After the solid recovery last year when the global economy grew an estimated 5.9 percent, the IMF cut projections for nearly every country -- with India a notable exception -- but it was the downgrades to the United States and China that had the biggest impact.
"These impediments are expected to weigh on growth in the first quarter of 2022," the report said.
"The negative impact is expected to fade starting in the second quarter, assuming that the global surge in Omicron infections abates and the virus does not mutate into new variants that require further mobility restrictions."
The International Monetary Fund once again stressed that controlling the pandemic is critical to the economic outlook and urged widespread vaccinations in developing nations, which have fallen short even as advanced economies have moved to deploying booster shots among their already highly-vaccinated populations.
"Without this worldwide effort, the virus will be more likely to mutate further and extend the pandemic's global grip," the fund said.
US, China slowdown
The biggest drag on the global outlook is the sharp slowing in the United States and China, including factors beyond the impact of the virus.
With US President Joe Biden's massive social spending plan stalled in Congress, the IMF subtracted the expected growth impact the program would have had on the economy.
Together with the supply chain snarls that have beset American businesses and manufacturing, these factors slashed 1.2 percentage points off GDP, which is now expected to expand four percent this year, the IMF said.
While that is a historically high rate for the world's largest economy, it is far slower than the 5.6 percent expansion in 2021.
Meanwhile, renewed lockdowns in China have contributed to slow private consumption, and struggles in the country's real estate sector cut 0.8 points off expected growth, now projected at 4.8 percent, the report said.
"As the new Omicron Covid-19 variant spreads, countries have reimposed mobility restrictions.
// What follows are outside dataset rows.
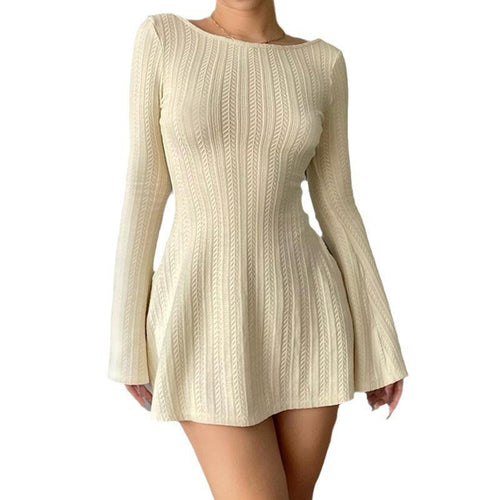 Ladies Elegant Chic Long Dress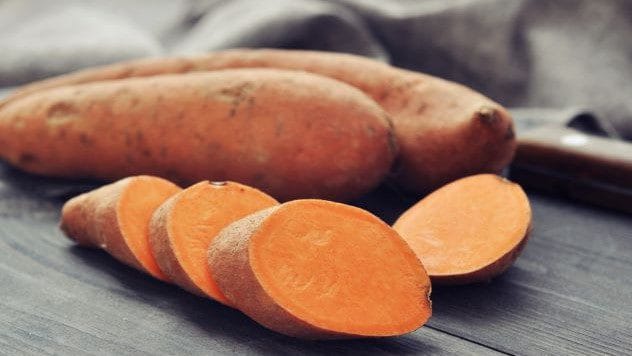 Sweet Potato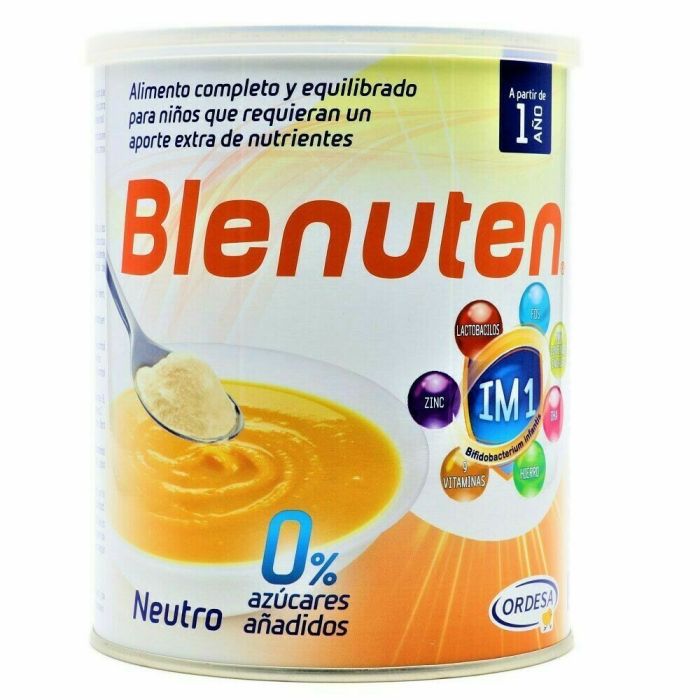 Blenuten neutro 400 gr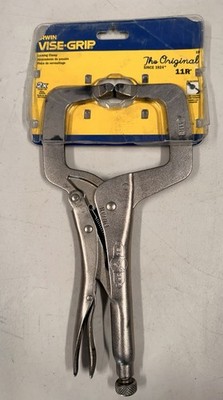 Irwin Vise-Grip Locking Pliers 11R 11''  The Original 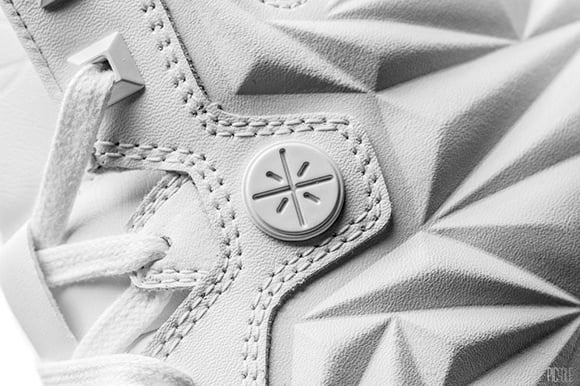 Li-Ning Wade Diamond White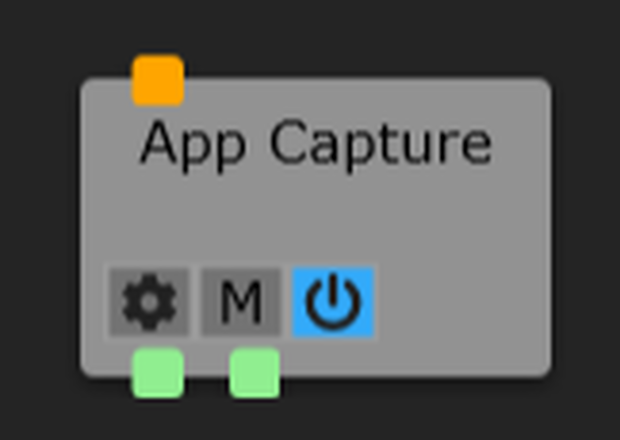 App Capture VST3 - VSTホスト上でWindowsソフトの音声を聞くプラグイン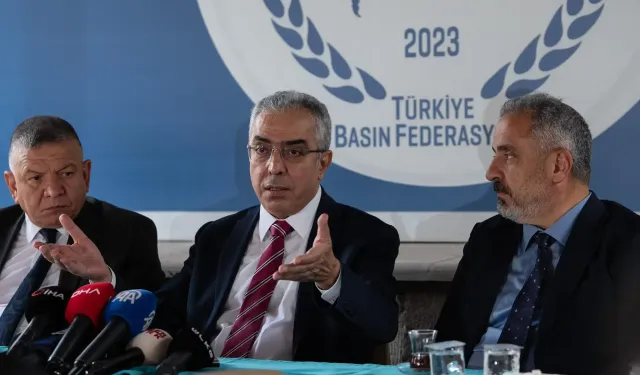 Mehmet Uçum’dan seçim tarihi açıklaması: 18 ay kaldı
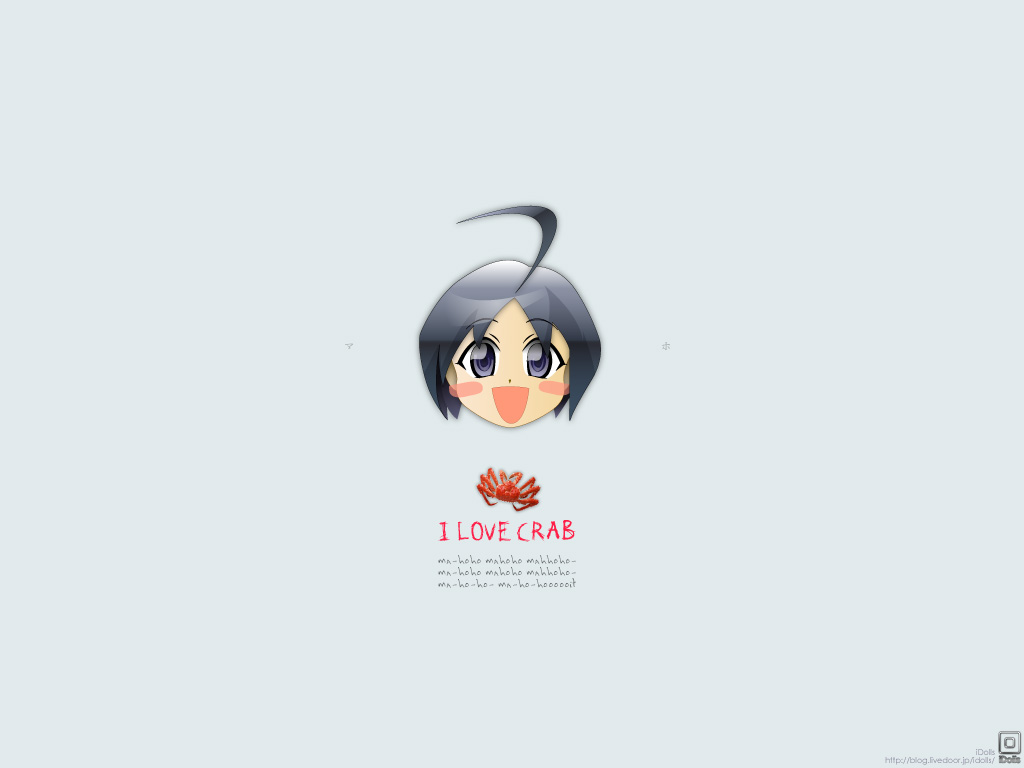 animal, crab, katagiri_himeko, pani_poni_dash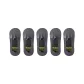 5 Pack (Dark Gray *5)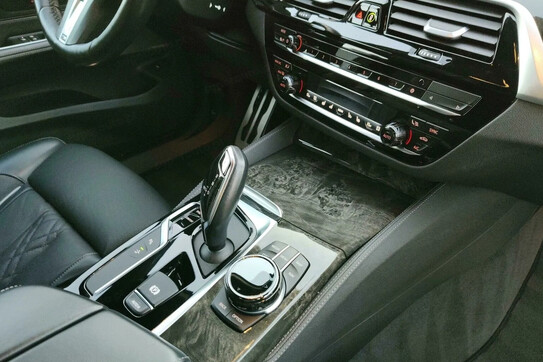 BMW Seria 6 GT 640d xDrive M Sport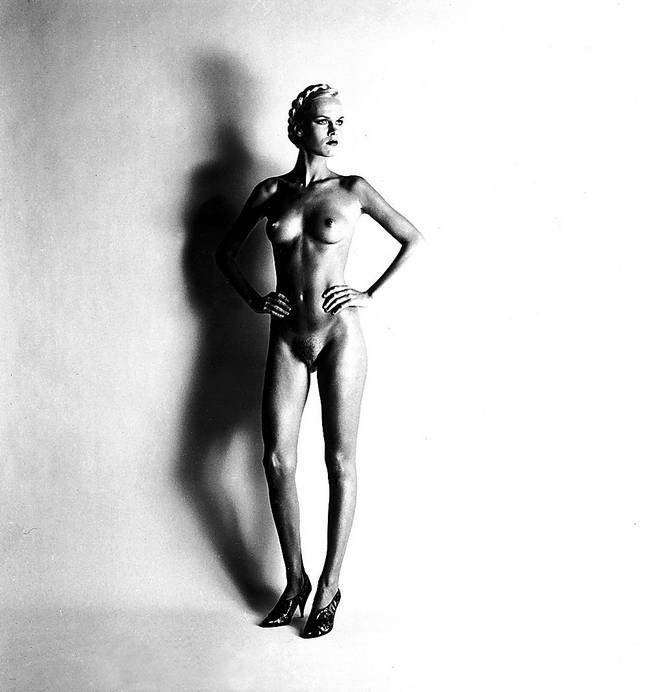 Иллюстрация к книге — Хельмут Ньютон. Автобиография [autogen_ebook_id104.jpg]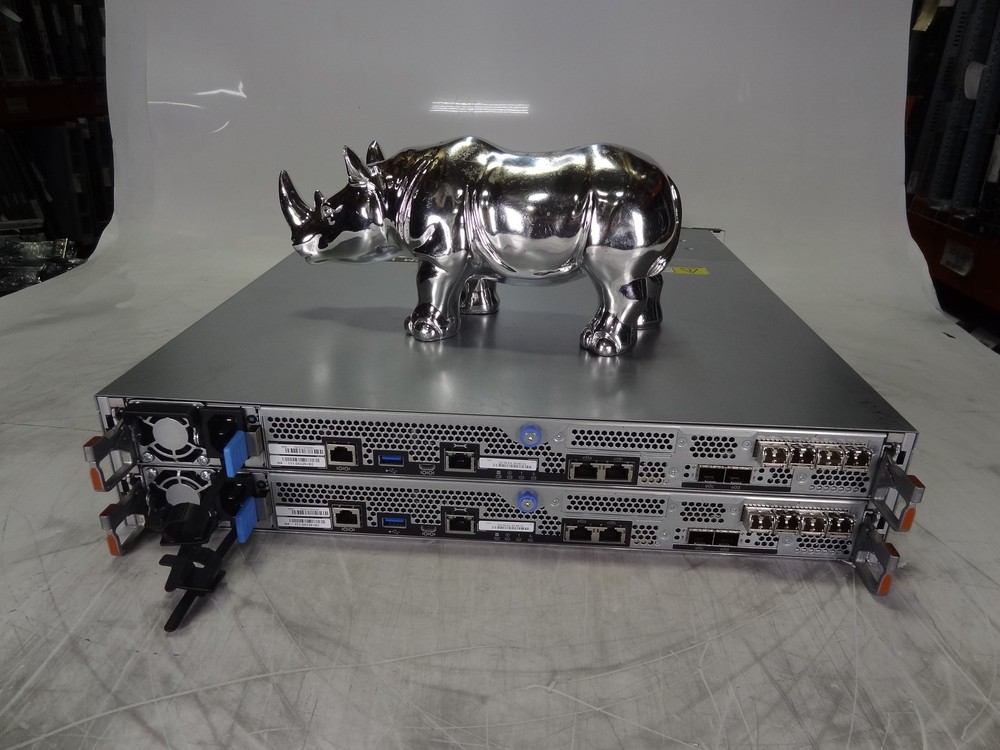 NetApp A250 Array w/ Dual Controllers and Premium Bundle Keys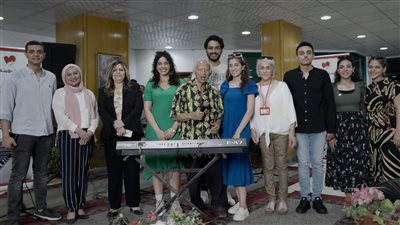 مؤسسة “مؤمنة كامل” وهاني شنودة و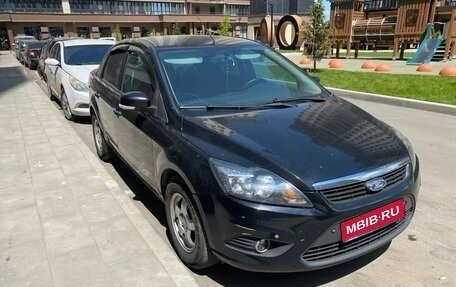 Ford Focus II рестайлинг, 2009 год, 599 000 рублей, 1 фотография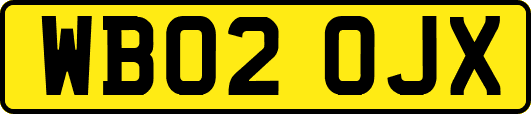 WB02OJX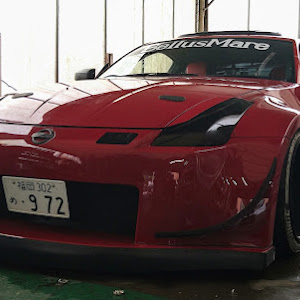 フェアレディZ Z33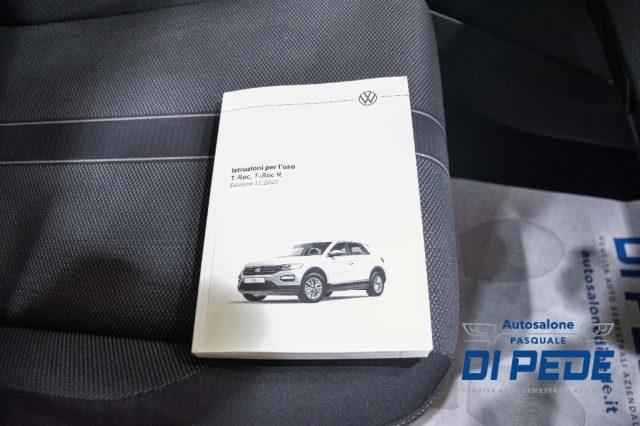 VOLKSWAGEN T-Roc 1.5 TSI ACT DSG R-Line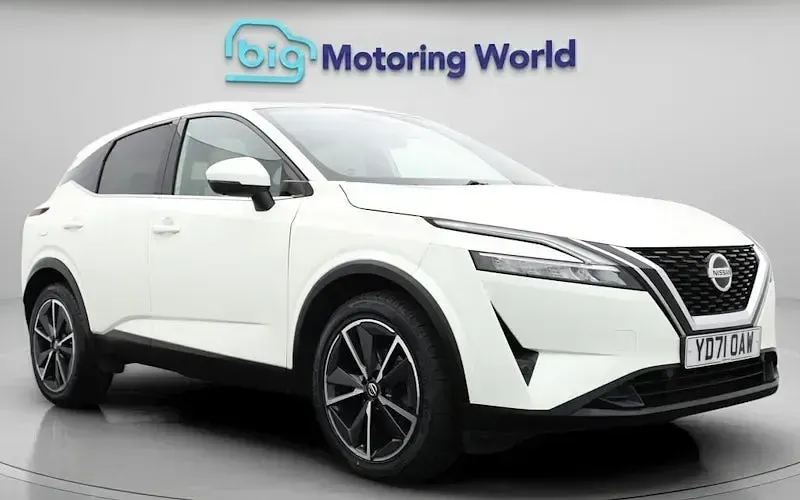 Used Nissan Qashqai Tekna 140 HP (102 kW) 2023 SUV
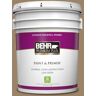 BEHR PREMIUM PLUS 5 gal. #PPU7-04 Collectible Eggshell Enamel Low Odor Interior Paint & Primer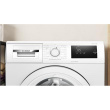 Bosch | Washing Machine | WAN2801LSN | Energy efficiency class A | Front loading | Washing capacity 8 kg | 1400 RPM | Depth 59 cm | Width 59.8 cm | Display | LED | Steam function | White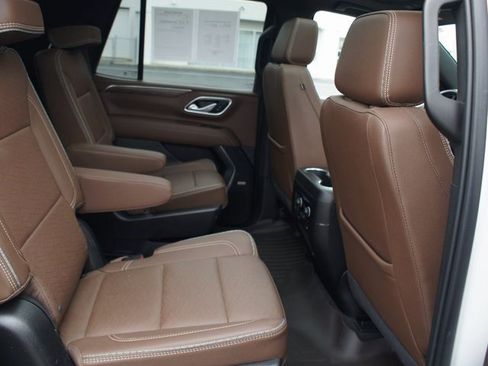 Used 2022 Chevrolet Tahoe High Country image 21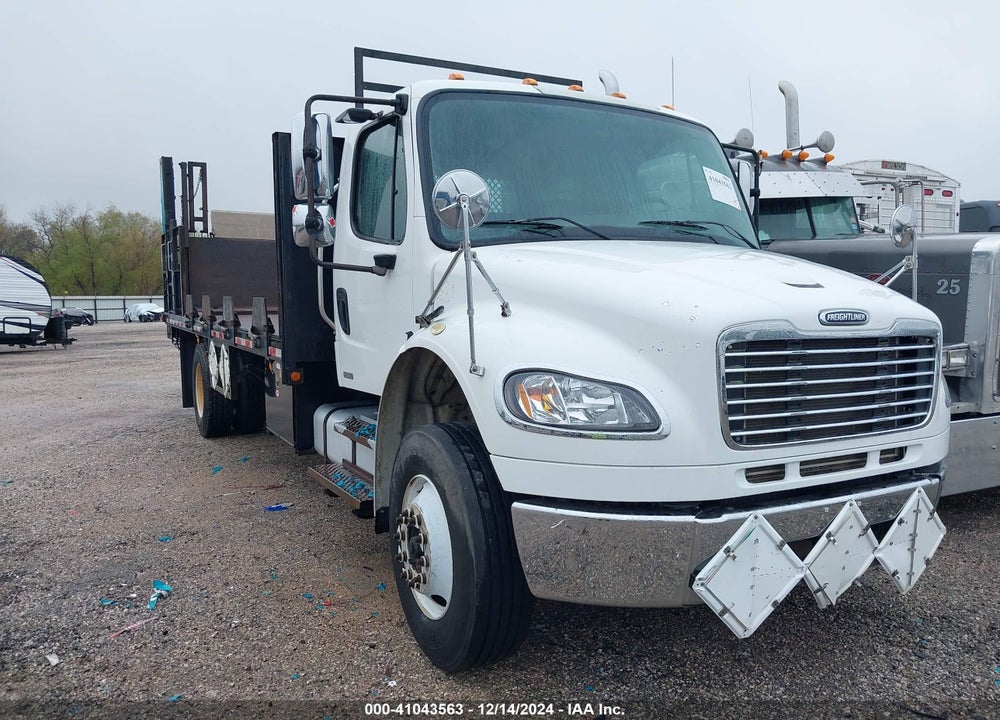 2007 FREIGHTLINER M2 106 MEDIUM DUTY VIN: 1FVACXCS87HY23194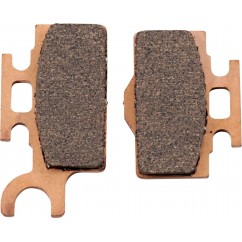 BRAKE PAD SINTERED OFF ROAD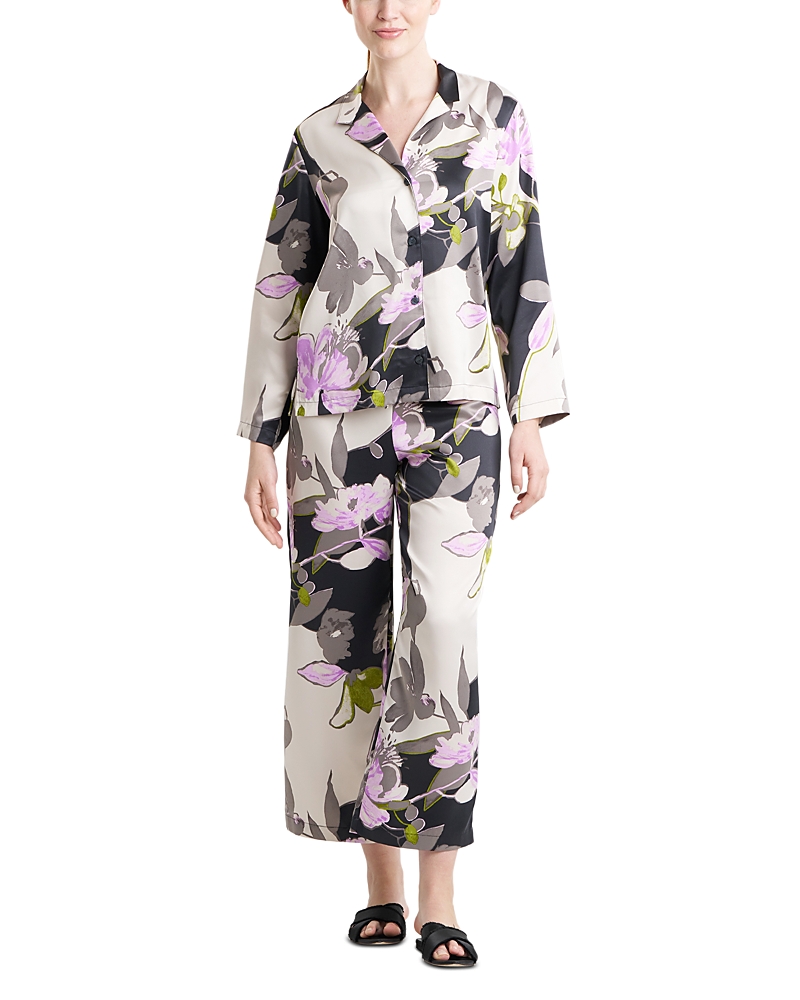 Natori Tsubaki Pajama Set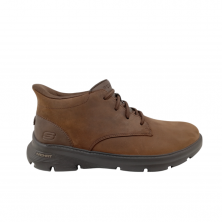Botas Hombre Skechers Arch Fit Garza - Ridley Cuero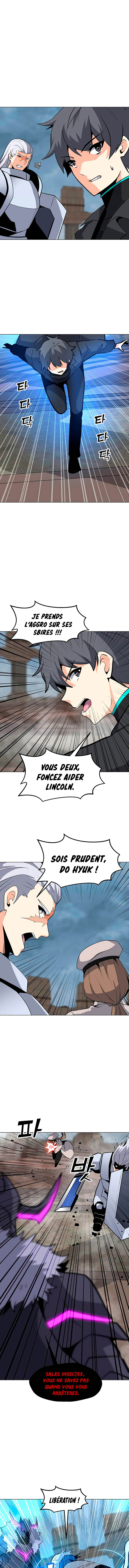 Solo Spell Caster Chapitre 43 - Page 11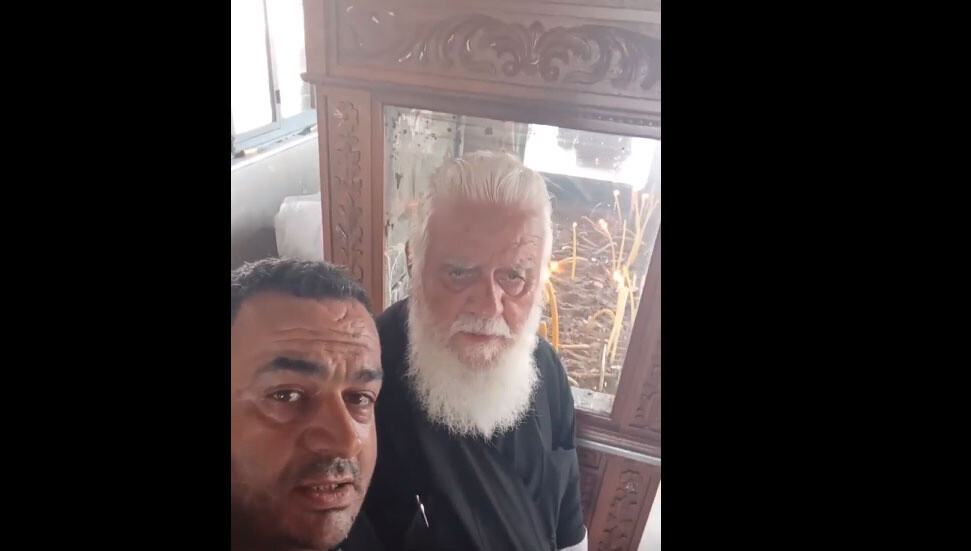 Society tensed again over religious issue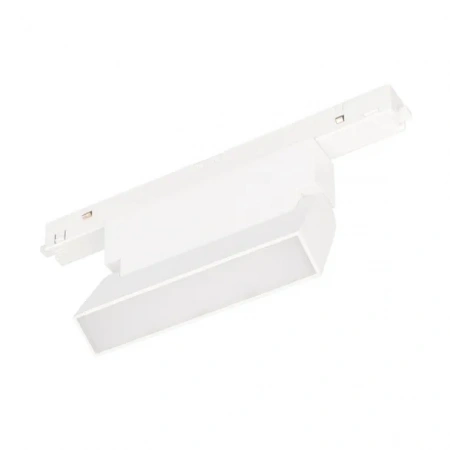 Светильник MAG-ORIENT-FLAT-FOLD-S195-6W Day4000 (WH, 80 deg, 48V, DALI) (Arlight, IP20 Металл, 5 лет) 035853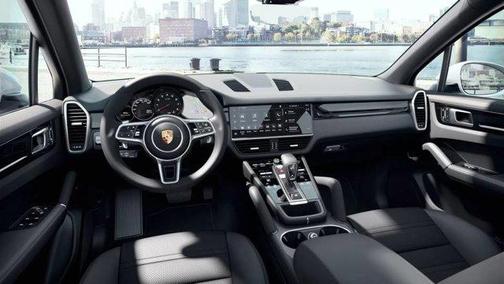 2023 Porsche Cayenne 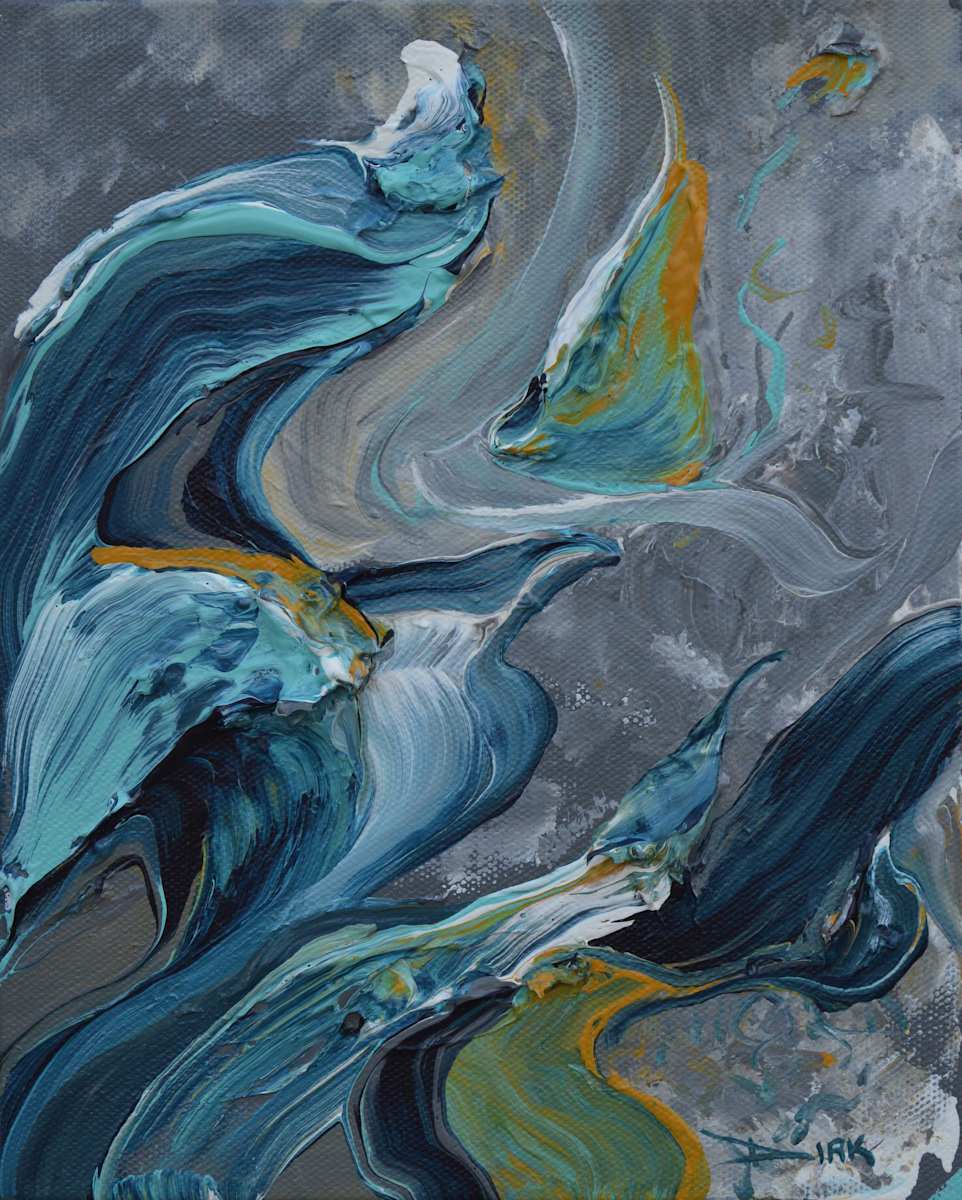 Reveling #2 by Dirk Guidry, Image 1.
Rising energy prices and supply disruptions have resulted in higher and more broad-based inflation than anticipated, notably in the United States," the IMF said.
"In China, pandemic-induced disruptions related to the zero-tolerance Covid-19 policy and protracted financial stress among property developers have induced a 0.8 percentage point downgrade."
Other major economies suffered sharp downgrades amid the ongoing pandemic disruptions, including a 0.8-point cut for Germany, and 1.2-point deductions for Brazil and Mexico.
India, however, saw a 0.5-point upgrade to nine percent, Japan saw a more modest improvement for growth of 3.3 percent, the IMF said.
The outlook for 2023 is somewhat improved, "however not enough to make up ground lost due to the downgrade to 2022. Cumulative global growth over 2022 and 2023 is projected to be 0.3 percentage point lower than previously forecast."
- Inflation flares, rates rise -
A key challenge facing the global economy is the surge in prices.
The phenomenon is expected to bring more aggressive action by key central banks like the US Federal Reserve, whose actions will raise borrowing costs worldwide, hindering recovery efforts, particularly in indebted developing nations.
"Elevated inflation is expected to persist for longer than envisioned in the October WEO, with ongoing supply chain disruptions and high energy prices continuing in 2022," the IMF said.
If the "the pandemic eases its grip" and energy price increases moderate, "inflation should gradually decrease as supply-demand imbalances wane in 2022 and monetary policy in major economies responds."
The WEO baseline assumes the Fed will hike the benchmark interest rate three times this year and three in 2023.
Inflation is expected to average 3.9 percent in advanced economies and 5.9 percent in emerging market and developing economies in 2022, before subsiding in 2023.